Направляясь по коридору в ванную комнату, он вдруг передумал и пошел на кухню, откуда все еще доносились всхлипывания. Неслышно ступая босыми ногами и почесываясь на ходу, он подошел вплотную к стоящей возле окна жене. Здесь нельзя было кричать – могли услышать соседи. Придавив ее к стене, не давая возможности уйти и даже упасть, дыша ей в самое лицо смрадным перегаром, стал шептать пакостные, больно жалящие оскорбления, подбирая самые изощренные формы.

От этого занятия отвлек телефон. Звонила его личный секретарь. Очень кстати – шутки шутками, а осторожность не помешает. Забыв о жене, которая трясущимися руками капала корвалол, и давно уже не помнила, на какой капле потеряла счет пузырькам, он приник к аппарату, отдавая распоряжения, по поводу проверки сотрудников. Требовалось выяснить (на всякий случай), кто переехал из столицы, имена, время и место рождения.

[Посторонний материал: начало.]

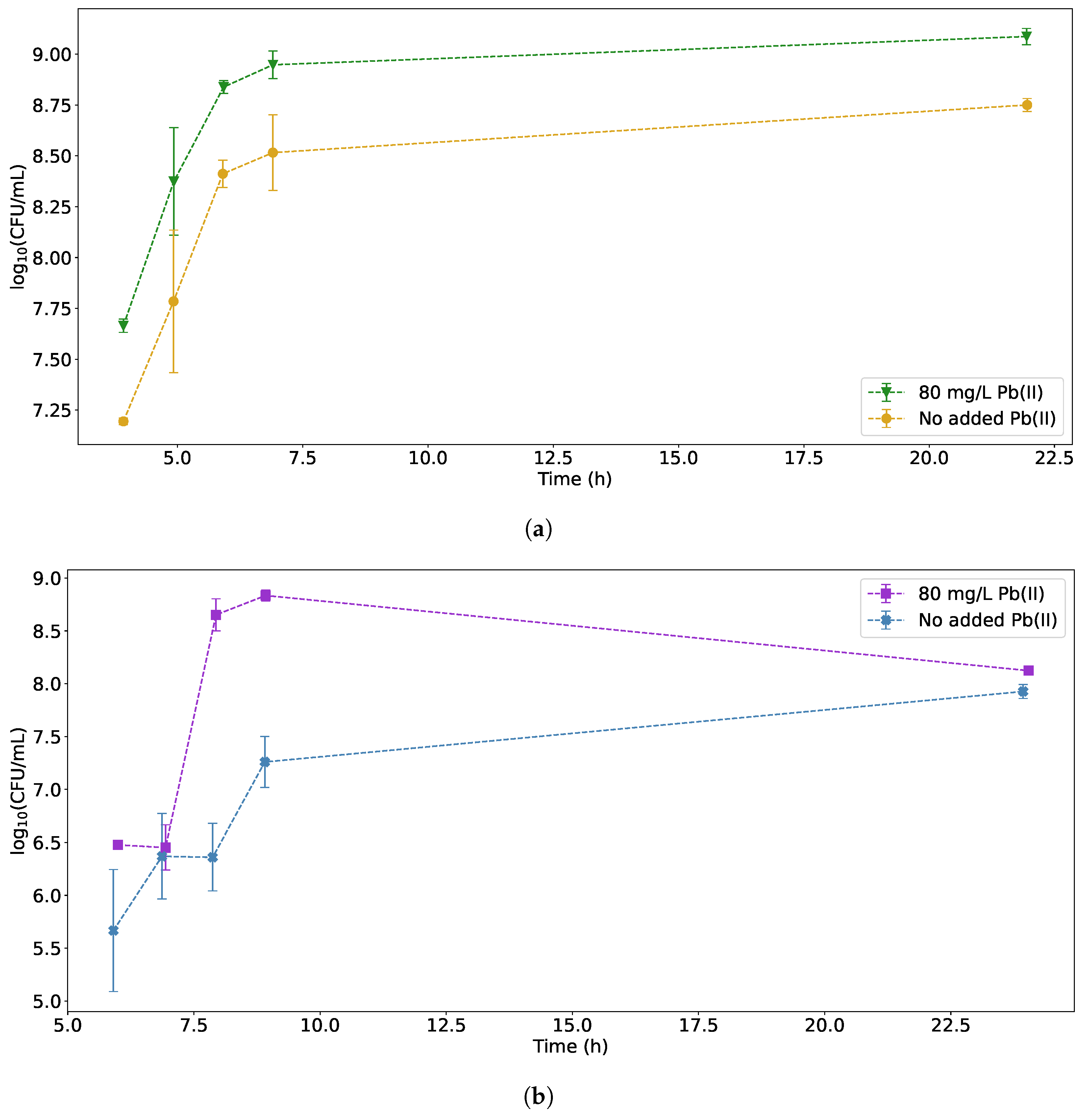 Sensors 22 07045 g002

– Ты, это, как его, того, слышь! – он никак не мог сосредоточиться и говорил крайне невнятно. – «Ничего, разговорюсь»! – Как ни странно, секретарь его понимала. – Всех, там, кто из Москвы вон чего! Фамилия, может, Нелёхин, а может и хрен его знает. Короче, чтоб к обеду… покумекаем.

– Хорошо, Григорий Трофимович. Короче говоря, всех кроме Вас. Кстати, с выздоровлением.

– Да, ладно, – он довольно ухмыльнулся – всем бы так болеть, да с такими лекарствами. – Как там, эта самое? – «Но, все же, откуда она знает? Или я на самом деле чем-то болел»?! – правая бровь удивленно приподнялась.

– У нас все хорошо, не волнуйтесь. Ждем Вас, – он почувствовал, что она улыбается, и осторожно улыбнулся сам. Уж кто-кто, а он-то спокоен за свое будущее. Жизнь научила быть осмотрительным.

Кстати, об осмотрительности: пусть сон, но идейка неплоха и в целях профилактики стоит попытаться. Конечно, ни о каком переизбрании не может быть и речи, а вот слушок пустить да посмотреть кто, да что…

Через полчаса он уже шел по улице и жестикулировал, разговаривая с самим собой.